[REQUIRED WORK]: Answer with the exact lines of the following material from the one containing "Side view of" through the one containing "Twilight View of", both end lines included.

*** SUPPLIED MATERIAL ***

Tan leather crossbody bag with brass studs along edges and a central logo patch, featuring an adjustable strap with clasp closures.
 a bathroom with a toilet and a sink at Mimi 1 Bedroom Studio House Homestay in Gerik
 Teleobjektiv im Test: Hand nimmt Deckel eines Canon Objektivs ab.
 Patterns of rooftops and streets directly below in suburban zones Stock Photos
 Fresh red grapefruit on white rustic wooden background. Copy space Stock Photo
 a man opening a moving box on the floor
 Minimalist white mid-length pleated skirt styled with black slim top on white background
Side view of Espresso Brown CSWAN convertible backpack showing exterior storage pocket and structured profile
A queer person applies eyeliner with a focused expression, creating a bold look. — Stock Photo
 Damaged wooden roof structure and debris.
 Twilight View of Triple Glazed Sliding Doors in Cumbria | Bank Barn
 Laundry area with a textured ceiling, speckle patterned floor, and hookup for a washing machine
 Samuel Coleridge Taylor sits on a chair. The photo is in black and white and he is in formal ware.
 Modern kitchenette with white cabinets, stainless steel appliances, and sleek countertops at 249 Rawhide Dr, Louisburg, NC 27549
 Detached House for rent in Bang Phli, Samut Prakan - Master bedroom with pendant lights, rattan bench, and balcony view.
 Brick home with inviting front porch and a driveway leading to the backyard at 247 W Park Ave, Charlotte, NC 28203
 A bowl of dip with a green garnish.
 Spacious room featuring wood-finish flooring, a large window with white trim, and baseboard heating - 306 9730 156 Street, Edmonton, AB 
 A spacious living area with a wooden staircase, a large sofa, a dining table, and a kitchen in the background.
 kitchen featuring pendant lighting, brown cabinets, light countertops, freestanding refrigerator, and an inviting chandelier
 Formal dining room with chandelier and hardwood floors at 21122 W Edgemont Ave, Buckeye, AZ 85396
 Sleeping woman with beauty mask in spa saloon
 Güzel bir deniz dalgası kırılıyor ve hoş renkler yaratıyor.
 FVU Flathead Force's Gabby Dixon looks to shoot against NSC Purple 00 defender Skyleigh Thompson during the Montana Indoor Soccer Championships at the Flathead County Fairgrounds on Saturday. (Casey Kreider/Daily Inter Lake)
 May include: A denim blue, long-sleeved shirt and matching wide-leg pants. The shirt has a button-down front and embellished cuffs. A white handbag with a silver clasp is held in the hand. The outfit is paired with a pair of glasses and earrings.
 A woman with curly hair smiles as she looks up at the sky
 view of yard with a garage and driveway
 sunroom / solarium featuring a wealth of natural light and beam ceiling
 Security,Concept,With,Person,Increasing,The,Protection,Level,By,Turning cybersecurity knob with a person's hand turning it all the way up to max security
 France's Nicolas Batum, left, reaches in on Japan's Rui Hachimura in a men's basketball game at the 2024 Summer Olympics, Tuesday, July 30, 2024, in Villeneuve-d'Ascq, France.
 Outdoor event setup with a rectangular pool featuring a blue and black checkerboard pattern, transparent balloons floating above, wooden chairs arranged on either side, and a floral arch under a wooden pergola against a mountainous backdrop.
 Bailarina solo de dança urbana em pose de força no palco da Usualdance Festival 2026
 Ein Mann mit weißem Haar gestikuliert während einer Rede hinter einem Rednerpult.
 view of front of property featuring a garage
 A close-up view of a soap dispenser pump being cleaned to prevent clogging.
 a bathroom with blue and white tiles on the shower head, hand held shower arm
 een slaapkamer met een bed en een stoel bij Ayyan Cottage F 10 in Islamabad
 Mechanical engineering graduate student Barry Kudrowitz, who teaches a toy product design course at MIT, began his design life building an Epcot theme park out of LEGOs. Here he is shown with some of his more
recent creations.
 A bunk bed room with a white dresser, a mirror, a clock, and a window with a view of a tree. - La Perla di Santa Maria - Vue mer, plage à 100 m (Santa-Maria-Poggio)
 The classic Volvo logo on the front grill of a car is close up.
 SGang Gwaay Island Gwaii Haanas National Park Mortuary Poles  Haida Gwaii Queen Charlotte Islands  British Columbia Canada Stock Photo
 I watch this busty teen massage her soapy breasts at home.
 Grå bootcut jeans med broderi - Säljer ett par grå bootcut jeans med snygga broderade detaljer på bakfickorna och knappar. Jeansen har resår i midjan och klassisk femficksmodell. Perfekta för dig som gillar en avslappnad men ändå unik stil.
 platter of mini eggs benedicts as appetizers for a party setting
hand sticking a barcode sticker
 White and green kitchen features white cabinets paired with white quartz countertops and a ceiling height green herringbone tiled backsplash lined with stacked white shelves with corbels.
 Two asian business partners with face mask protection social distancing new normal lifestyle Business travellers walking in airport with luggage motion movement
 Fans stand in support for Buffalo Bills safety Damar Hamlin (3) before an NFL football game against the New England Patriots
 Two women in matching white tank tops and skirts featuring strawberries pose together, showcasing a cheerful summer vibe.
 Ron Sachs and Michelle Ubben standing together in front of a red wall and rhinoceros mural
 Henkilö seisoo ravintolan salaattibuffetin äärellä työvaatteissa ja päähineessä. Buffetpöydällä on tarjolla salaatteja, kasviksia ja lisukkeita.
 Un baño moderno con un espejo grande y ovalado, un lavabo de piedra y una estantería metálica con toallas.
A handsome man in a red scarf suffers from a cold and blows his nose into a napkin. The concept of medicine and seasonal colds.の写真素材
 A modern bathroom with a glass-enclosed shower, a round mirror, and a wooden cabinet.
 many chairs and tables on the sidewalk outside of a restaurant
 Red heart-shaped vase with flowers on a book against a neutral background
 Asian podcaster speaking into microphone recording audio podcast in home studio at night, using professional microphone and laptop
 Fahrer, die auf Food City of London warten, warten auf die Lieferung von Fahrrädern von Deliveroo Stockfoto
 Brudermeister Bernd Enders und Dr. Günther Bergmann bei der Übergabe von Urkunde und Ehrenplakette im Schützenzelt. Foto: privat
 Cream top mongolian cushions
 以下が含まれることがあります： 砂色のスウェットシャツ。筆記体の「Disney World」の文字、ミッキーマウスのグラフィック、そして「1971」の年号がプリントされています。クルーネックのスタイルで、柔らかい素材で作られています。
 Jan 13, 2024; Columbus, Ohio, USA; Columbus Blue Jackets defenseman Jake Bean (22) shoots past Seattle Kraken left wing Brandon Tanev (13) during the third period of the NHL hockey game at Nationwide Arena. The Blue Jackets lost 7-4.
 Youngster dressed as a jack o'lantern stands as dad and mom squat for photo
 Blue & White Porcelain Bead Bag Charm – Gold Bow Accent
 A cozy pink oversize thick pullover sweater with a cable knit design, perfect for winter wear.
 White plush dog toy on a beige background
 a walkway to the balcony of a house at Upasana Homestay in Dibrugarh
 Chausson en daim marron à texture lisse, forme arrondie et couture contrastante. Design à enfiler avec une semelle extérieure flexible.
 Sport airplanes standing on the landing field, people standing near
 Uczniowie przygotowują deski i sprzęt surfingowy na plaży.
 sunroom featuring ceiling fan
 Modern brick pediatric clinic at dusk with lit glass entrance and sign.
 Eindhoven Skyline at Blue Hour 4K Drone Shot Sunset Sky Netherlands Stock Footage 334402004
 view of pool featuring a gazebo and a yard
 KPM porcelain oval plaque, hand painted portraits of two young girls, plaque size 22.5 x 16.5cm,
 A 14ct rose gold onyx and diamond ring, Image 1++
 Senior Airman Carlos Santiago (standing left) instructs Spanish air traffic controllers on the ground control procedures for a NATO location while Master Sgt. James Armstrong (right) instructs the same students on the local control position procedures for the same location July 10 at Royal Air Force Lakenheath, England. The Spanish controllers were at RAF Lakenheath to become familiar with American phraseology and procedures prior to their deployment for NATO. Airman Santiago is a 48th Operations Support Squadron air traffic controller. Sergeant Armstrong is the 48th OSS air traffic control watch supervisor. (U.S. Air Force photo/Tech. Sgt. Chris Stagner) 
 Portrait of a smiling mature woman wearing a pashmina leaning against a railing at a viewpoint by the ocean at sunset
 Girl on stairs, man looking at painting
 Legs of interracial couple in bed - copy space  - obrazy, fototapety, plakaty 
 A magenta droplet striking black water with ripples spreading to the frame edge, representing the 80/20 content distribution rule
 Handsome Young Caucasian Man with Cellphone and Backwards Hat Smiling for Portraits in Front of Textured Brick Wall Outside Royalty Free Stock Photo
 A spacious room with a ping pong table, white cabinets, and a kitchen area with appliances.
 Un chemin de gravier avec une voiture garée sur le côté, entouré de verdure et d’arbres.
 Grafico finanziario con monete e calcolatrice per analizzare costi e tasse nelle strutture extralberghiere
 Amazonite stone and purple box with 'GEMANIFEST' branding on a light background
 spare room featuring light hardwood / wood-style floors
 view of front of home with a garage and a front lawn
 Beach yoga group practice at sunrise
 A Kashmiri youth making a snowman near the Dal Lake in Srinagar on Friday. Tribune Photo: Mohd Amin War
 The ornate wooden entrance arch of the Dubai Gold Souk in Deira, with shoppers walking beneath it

*** End of SUPPLIED MATERIAL ***

[SOLUTION]:
Side view of Espresso Brown CSWAN convertible backpack showing exterior storage pocket and structured profile
A queer person applies eyeliner with a focused expression, creating a bold look. — Stock Photo
 Damaged wooden roof structure and debris.
 Twilight View of Triple Glazed Sliding Doors in Cumbria | Bank Barn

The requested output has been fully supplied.